- Task material
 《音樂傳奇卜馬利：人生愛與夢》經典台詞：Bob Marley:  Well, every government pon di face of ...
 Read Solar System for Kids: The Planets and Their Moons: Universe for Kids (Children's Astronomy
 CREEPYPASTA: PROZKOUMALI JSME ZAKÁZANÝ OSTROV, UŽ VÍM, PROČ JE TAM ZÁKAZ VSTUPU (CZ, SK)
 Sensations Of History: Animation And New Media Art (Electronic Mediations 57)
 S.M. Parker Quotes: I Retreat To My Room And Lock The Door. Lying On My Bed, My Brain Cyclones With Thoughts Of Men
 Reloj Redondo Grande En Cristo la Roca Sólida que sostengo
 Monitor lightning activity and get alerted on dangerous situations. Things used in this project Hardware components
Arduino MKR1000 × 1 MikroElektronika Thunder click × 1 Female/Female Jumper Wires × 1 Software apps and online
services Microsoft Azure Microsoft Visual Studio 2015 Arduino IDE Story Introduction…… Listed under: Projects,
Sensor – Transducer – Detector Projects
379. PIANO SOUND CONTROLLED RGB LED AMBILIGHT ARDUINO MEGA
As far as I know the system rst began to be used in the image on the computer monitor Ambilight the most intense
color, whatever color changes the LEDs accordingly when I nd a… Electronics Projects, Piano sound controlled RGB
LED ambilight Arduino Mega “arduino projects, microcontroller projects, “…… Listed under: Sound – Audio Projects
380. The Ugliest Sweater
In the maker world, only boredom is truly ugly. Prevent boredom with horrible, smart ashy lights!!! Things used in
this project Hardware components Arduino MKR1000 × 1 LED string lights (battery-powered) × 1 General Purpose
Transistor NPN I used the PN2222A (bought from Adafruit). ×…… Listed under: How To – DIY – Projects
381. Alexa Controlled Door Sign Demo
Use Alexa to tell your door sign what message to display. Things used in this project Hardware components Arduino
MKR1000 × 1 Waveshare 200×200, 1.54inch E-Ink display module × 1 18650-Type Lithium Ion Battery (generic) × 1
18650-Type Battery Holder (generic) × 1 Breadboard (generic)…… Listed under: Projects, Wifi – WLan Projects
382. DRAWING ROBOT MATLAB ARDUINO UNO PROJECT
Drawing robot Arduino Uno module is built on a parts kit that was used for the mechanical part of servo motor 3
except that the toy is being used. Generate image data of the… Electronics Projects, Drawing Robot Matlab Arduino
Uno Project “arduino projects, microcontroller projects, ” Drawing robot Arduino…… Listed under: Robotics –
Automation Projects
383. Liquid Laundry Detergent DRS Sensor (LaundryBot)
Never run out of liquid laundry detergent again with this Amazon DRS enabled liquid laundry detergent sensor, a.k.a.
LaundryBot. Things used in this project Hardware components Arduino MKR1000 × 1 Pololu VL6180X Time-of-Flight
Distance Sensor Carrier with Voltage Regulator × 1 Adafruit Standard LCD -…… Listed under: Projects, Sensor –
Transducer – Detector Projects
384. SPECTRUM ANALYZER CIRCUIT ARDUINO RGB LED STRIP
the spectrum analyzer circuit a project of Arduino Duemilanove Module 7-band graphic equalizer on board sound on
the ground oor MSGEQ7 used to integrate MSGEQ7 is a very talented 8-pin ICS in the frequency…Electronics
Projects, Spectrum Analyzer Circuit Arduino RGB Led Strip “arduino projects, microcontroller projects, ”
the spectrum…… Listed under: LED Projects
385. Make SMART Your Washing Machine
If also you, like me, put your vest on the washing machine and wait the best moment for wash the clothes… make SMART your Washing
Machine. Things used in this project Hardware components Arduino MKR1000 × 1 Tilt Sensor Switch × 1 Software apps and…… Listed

- Problem
Taking the entries above, print exactly the lines starting at the line with "Automation Projects" and ending at the line with "If also you, like", both included.

- Worked solution
Automation Projects
383. Liquid Laundry Detergent DRS Sensor (LaundryBot)
Never run out of liquid laundry detergent again with this Amazon DRS enabled liquid laundry detergent sensor, a.k.a.
LaundryBot. Things used in this project Hardware components Arduino MKR1000 × 1 Pololu VL6180X Time-of-Flight
Distance Sensor Carrier with Voltage Regulator × 1 Adafruit Standard LCD -…… Listed under: Projects, Sensor –
Transducer – Detector Projects
384. SPECTRUM ANALYZER CIRCUIT ARDUINO RGB LED STRIP
the spectrum analyzer circuit a project of Arduino Duemilanove Module 7-band graphic equalizer on board sound on
the ground oor MSGEQ7 used to integrate MSGEQ7 is a very talented 8-pin ICS in the frequency…Electronics
Projects, Spectrum Analyzer Circuit Arduino RGB Led Strip “arduino projects, microcontroller projects, ”
the spectrum…… Listed under: LED Projects
385. Make SMART Your Washing Machine
If also you, like me, put your vest on the washing machine and wait the best moment for wash the clothes… make SMART your Washing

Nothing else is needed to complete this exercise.